Odisha needs to learn from TN forest fire tragedy

By A K Sahoo

Bhubaneswar: The March 10 tragedy that struck a group of trekkers in the southern hills of the Western Ghats on the Tamil Nadu-Kerala border, comes up a wakeup call for the Odisha government.

In Odisha, forest fire is a common phenomenon and it not unlikely we would never be experiencing such catastrophe. In the past, we have seen forest fire not only engulfing the precious forest flora and fauna, but also claiming human lives.

It’s very shocking that despite the Odisha government having a standard operating procedure to prevent forest fires that cause massive ecological and economic losses, there has been no let up in such incidents in the state.

In 2017, satellite imageries have recorded 1,607 forest fires in different jungles of Odisha during March. The number of forest fires surged 57 per cent compared with 1,018 noticed during the corresponding period in 2017.

If occurrences of forest fires during the months of February and March 27 are taken into account, 2,303 fires were been detected since February 1 whereas 1,175 fires were captured by satellite images during the same period in 2016.

An upper primary school at Rengabandha village in Malkangiri district was on March 25 gutted in a forest fire.

As one passes through Odisha’s hilly pockets in summer, he or she would see smoke billowing from acres of forest land.

Forest fires have destroyed 3675.784 ha of forest in 45 divisions during the past three years (2014 to 2016). 2018 figures are not yet available. Once the figure is available, it will be more than 5000 acres.

In 2017, the Forest Department had proposed to draw a more than 20,000-km-long fire line to stop fires from spreading to large areas. Besides, 216 fire fighting squads, with 10 members each, were created in 37 forest divisions of the state that are prone to fires. For the first time, 410 fire blowers were supplied to forest divisions to control fire.

Surprisingly, despite such preparedness incidence of forest fire continues unabated. The reason, according to wildlife experts, is that the state has failed to some extent in forest fire management.

Though the state government had in principle agreed to create a state-level control room to disseminate information about fires and mobilise manpower and resources to douse fires, no such control room has been set up till date, say experts.
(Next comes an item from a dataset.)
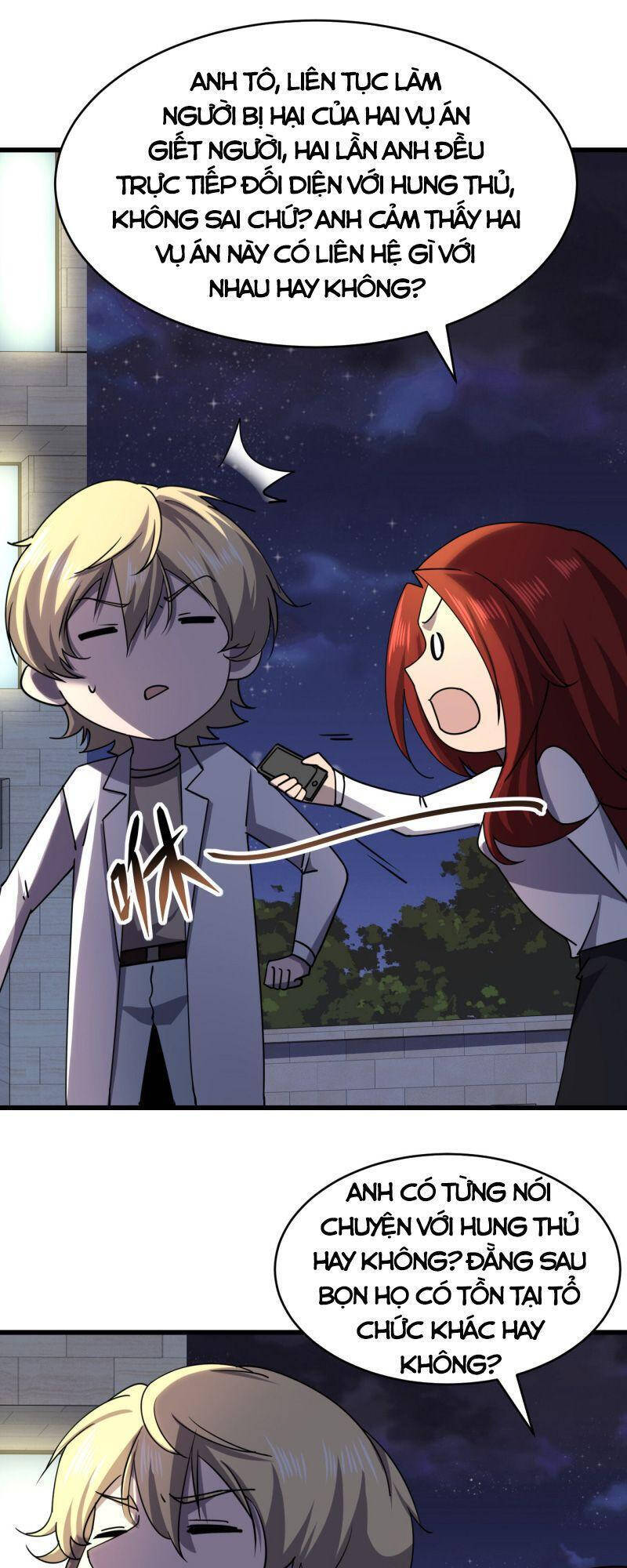 Đừng Hiểu Lầm, Tôi Mới Là Người Bị Hại! Chapter 9 - 12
According to wildlife expert Biswajit Mohanty, raging forest fires close to National Highways, State Highways or major roads are unpardonable
“Taking advantage of the road connectivity, the forest department can easily extinguish fires before they spread. But along several national and state highways crisscrossing the province, one can invariably find forest fire during summers. The government must fix responsibility on field-level officials at least for roadside forest fires,.

Members of a trekking club from Chennai and some others from cities near the hills were on a Women’s Day trek through forests when they were confronted with a raging forest fire. While little is known on what caused the fire, those on the trek were so disorganised that they didn’t seem to know what to do in case of a forest fire. They seem to have needlessly exposed themselves to danger by trying to walk downhill through the fire instead of climbing to safety where they came from. It also seems they had not been briefed properly on safety precautions. As a result, 10 of them were killed.

The Forest Survey of India (FSI) keeps a close watch and whenever there is a fire, their officials inform the officials of the state forest department
Forest officials are then sent to the spot, he explained.

“On reaching the spot, a forest official will have to take a photo of the spot and upload it in the Whatsapp group, and also in the app as soon as possible. The photo will automatically go to the state principal conservator of forests as well as to all department officials in the Whatsapp group. As a result, nobody in the department can claim to be on the spot without being actually present there. This is in fact a welcome move.

In the traditional methods, forest squads – comprising forest department staff and local people draw fire lines by digging the earth to control the spread of fire.

Blowers are also used to keep dry leaves away from a fire and controlled burning is also carried out.

In Tamil Nadu tragedy, there are two aspects to this. The trek may have been unauthorised, with permission not sought from the forest department, which may not have allowed treks through prohibited areas like reserve forests.

In these things, there’s only a thin red line between adventure and misadventure. The other aspect is that the fire may have had a human element: it seems to have started in the foothills where vegetation is basically grass and it swept up into the woods. A thorough inquiry is needed to establish the cause of the fire.

The governments of states having sizeable forest stretches too must formalise trekking, and make it mandatory for groups to use seasoned foresters as guides before going on hilly terrain. The forest department, along with the hill area authorities, can easily mark safe trekking routes, and only these should be used by trekkers.